UK Regs do allow cable to be protected by fusing at the far end under certain circumstances - I'm not sufficiently familiar with the details to know if this would apply here.
This is exactly what applies here, and why 2.5 mm
2 spurs are allowed on a 32 A circuit. You have to separately meet these two criteria:
1. Protection against overload unless the load by its nature can't fail so as to produce overload. This can be at any point, so it is met by a downstream 13 A or smaller fuse.
2. Protection against short circuit, assumed to be a zero-Ohm short at the most distant point.

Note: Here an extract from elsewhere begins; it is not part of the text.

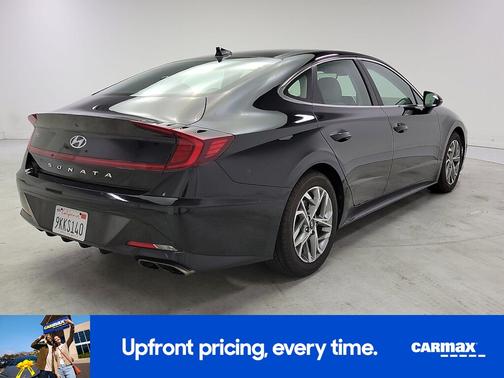 Black 2020 Hyundai SONATA SEL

There are some assumptions baked into this, but the end result is you can take a 13 A rated flex* off a 32 A circuit to feed the hob, and connect the hob via a FCU** or a 13A plug, (probably with a 3 A fuse, that's plenty***, but you may be able to get away with higher). That fuse protects the cable against overload, because if some weird fault were to make the hob igniter draw say 20 A the fuse would blow before the cable is damaged. Separately, if a short circuit were to occur at the last point in that cable before the fuse, the total loop resistance (external supply impedance + 6mm cable + flex) needs to be low enough that the 32 A MCB would trip quickly enough to protect the cable. You check this by looking at the expected fault current, and corresponding max tripping time, and then you can work out the let through energy and the maximum temperature the cable gets to. You or your electrician should do this calculation, but in practice you'll find it is fine for sensible lengths of flex (too long and the MCB trips too slowly and the let though energy and final temperature is higher).

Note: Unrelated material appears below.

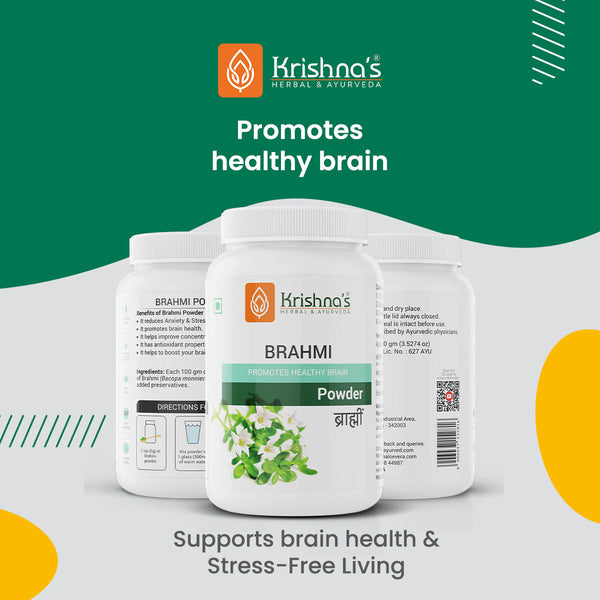 Krishna'S Herbal & Ayurveda Brahmi Powder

UK wiring regs are like this, you're expected to do actual engineering calculations rather than the US "rigidly follow code" approach. There are upsides and downsides to this.

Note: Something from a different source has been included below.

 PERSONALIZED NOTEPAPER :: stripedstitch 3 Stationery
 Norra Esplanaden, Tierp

Also, why not reduce the MCB feeding the 6mm cable to 16 A anyway? You may find the manufacturer's instructions (which you're supposed to "take account of") require that anyway, and that is a cheap and straightforward job.
*Why flex here though? A bit of 1.5 or 2.5 mm
2 T&E to a FCU would seem more conventional. If you do use flex you should really use ferrules.
**FCU = fused connection unit. It's a thing we have in the UK that takes the same type of fuses as the plugs but is for permanently installed things.
*** These ignition things take a couple of milliamps.